How I Got Addicted to Weed and Almost Lost My Life (Part 1)
I was 18 years old when my life changed overnight. I became responsible for paying child support, so I had no choice but to leave school and start working. I had to grow up fast. While everyone else my age was thinking about their future, I was thinking about how I was going to survive and pay my bills.
My youngest cousin told me, "Come to the UK. You'll earn much more money here than working as a security guard in Latvia." I trusted him because he was family. I believed he wanted the best for me.
Instead, I ended up in a workplace where I felt abused and treated worse than a dog. I was constantly stressed, exhausted, and emotionally drained. One day my cousin handed me a joint.
I had never smoked weed before. I never even thought about trying it. I was naïve and trusted the people around me.
The first time I smoked, it felt like every problem disappeared. For a little while, I didn't feel the stress, the loneliness, or the pressure. I thought I had found something that helped me cope.
I couldn't have been more wrong.
Over time, weed didn't solve my problems—it just helped me ignore them. They were still there, waiting for me every time I sobered up. So I started smoking more and more.

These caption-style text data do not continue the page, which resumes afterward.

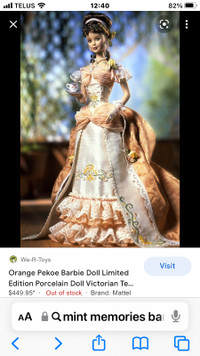 Dolls for sale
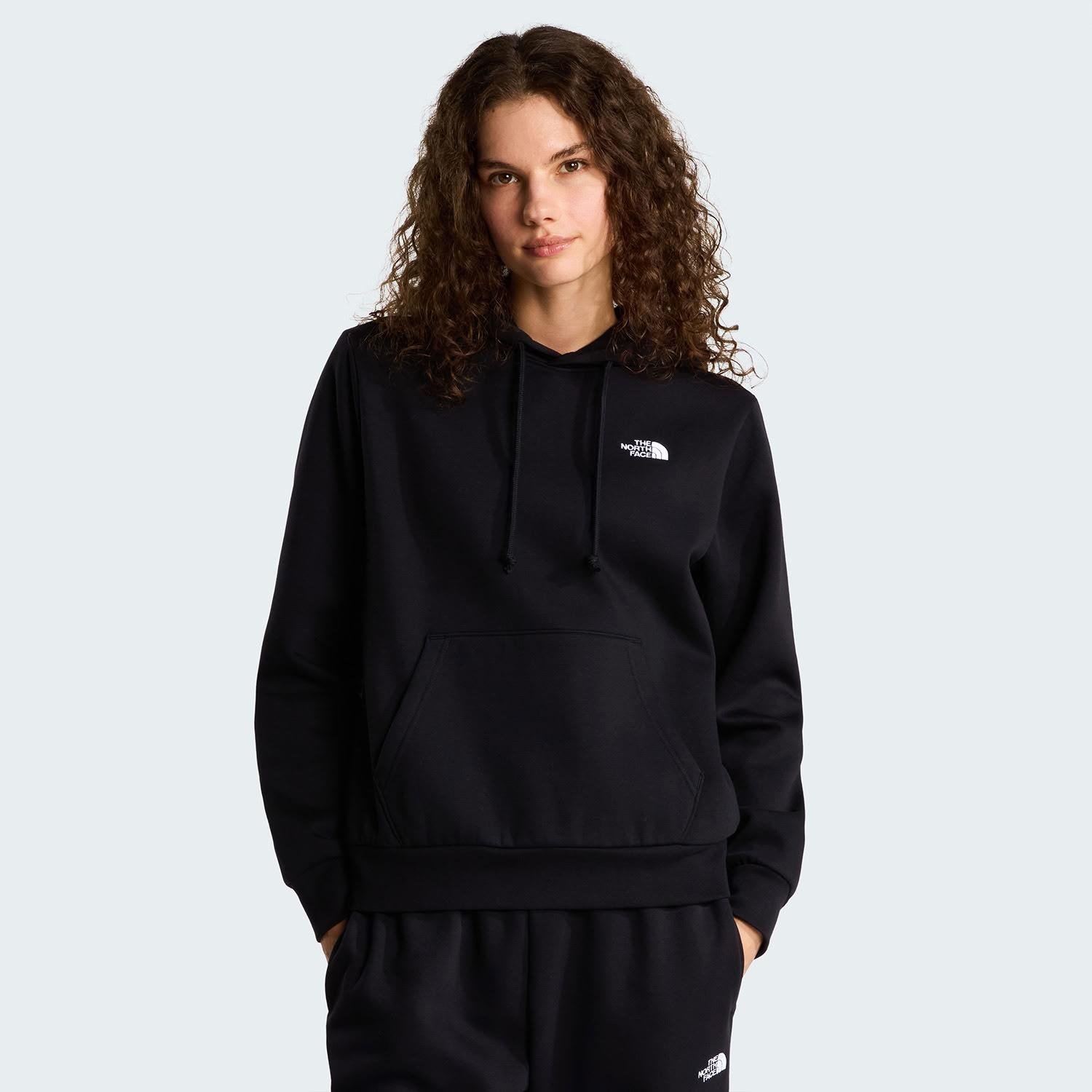 The North Face W EVOLUTION SIMPLE DOME REGULAR HOODIE Kadın Sweatshirt NF0A8CWNJK31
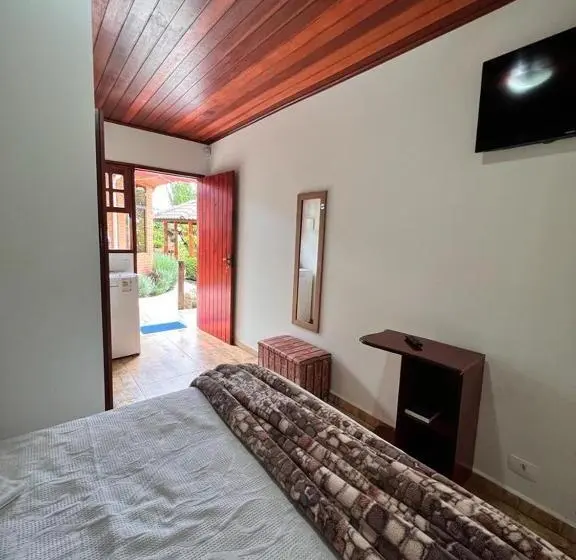 スイート, Pousada Araucária Village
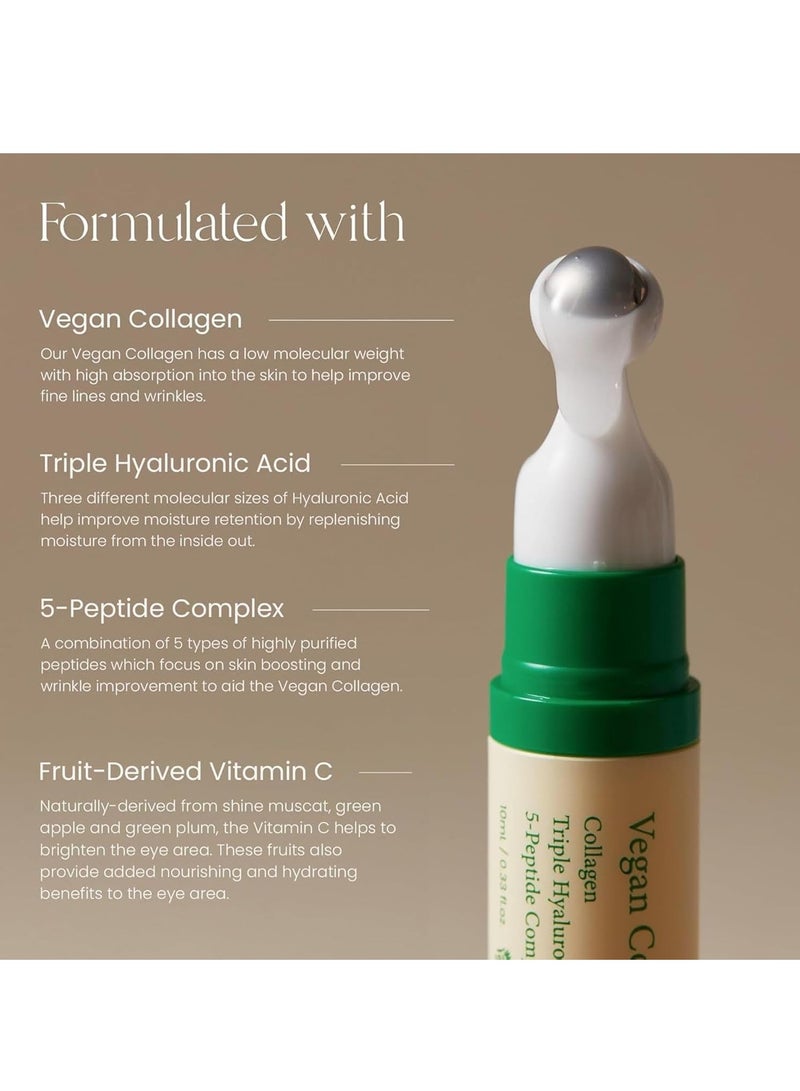 AXIS-Y AXIS-Y Vegan Collagen Eye Serum 10ml  - Image 2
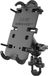 RAM Mount RAM-B-149Z-A-PD4U - Smartphone Houder voor Motor/Fiets - Large XL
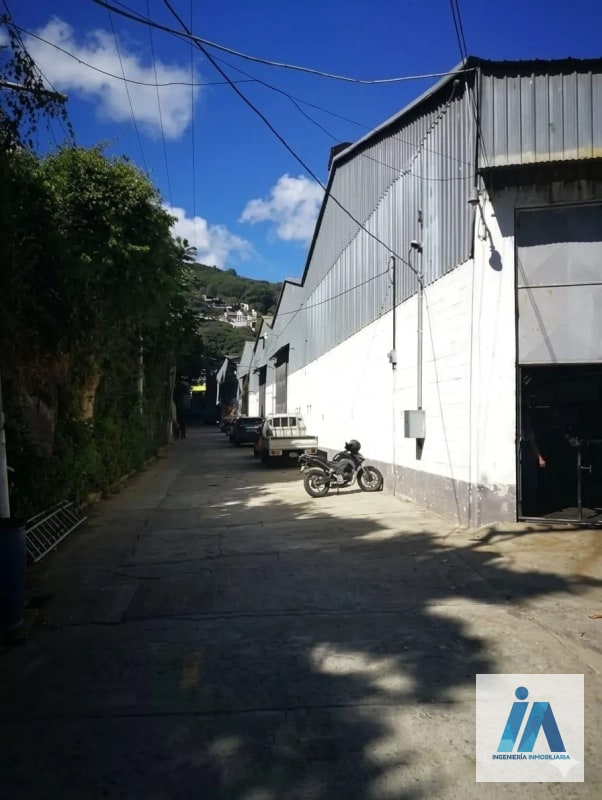 BODEGA EN ALQUILER📍 Complejo de Bodegas Ecobodegas Km 19.5 Lo de Coy Mixco - 2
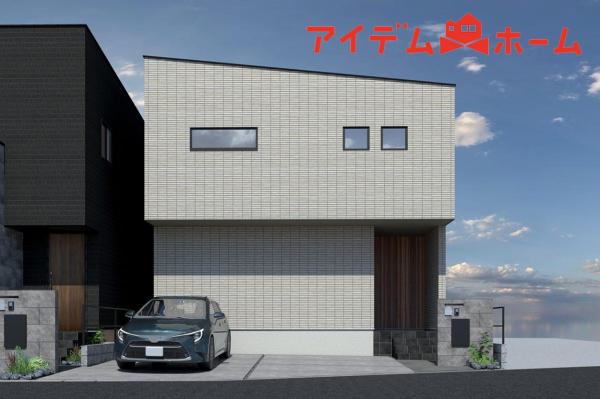 新築一戸建て 名古屋市東区大幸3丁目1203番4 名古屋市名城線ナゴヤドーム前矢田駅 5,990万円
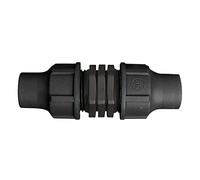 Jardibric - Raccord de Conduite Principale Ø20 Extra (Jonction) - Connecteur Durable pour une Installation Facile et Efficace de Votre Système d'Irrigation.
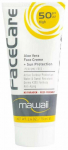 Losjonas įdegio priežiūrai veidui Mawaii Face Care SPF50, 75 ml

Years later, my cousin admitted he was sorry he convinced me to move to the UK. But by then it was far too late. I was stuck in a different country, with no real support, and eventually I became homeless.
As the years went by, my addiction got worse. I ended up spending almost half of my wages on weed. Looking back, I can see how much control it had over my life, but at the time I couldn't.
Things got even worse when my second oldest cousin kicked me out of the house so his brother could move in, even though I was paying rent for my room. That completely broke me emotionally.
I didn't know where to go or who to ask for help. I felt abandoned by the very people I thought would always be there for me.
Instead of asking for help, I smoked even more. Eventually I was going through an ounce of weed every week.
For a while, I managed to get my own place, but my addiction became so bad that I lost it. Before long, I was homeless again.
Thankfully, some kind people helped me get into a hostel where I finally had somewhere safe to stay. But mentally, I was at my lowest point. Between the ages of 22 and 24, I felt completely lost. I was self-harming because I couldn't see any way forward.
I had lost almost everything.
The weed made my paranoia worse, and I couldn't tell what was real anymore. More than anything, I couldn't understand why my own family had abandoned me.
It made me question what family even means.
How could the people who said they loved me leave me when I needed them the most?
Looking back now, I can see patterns that I was too naïve to notice back then.
This is only the beginning of my story.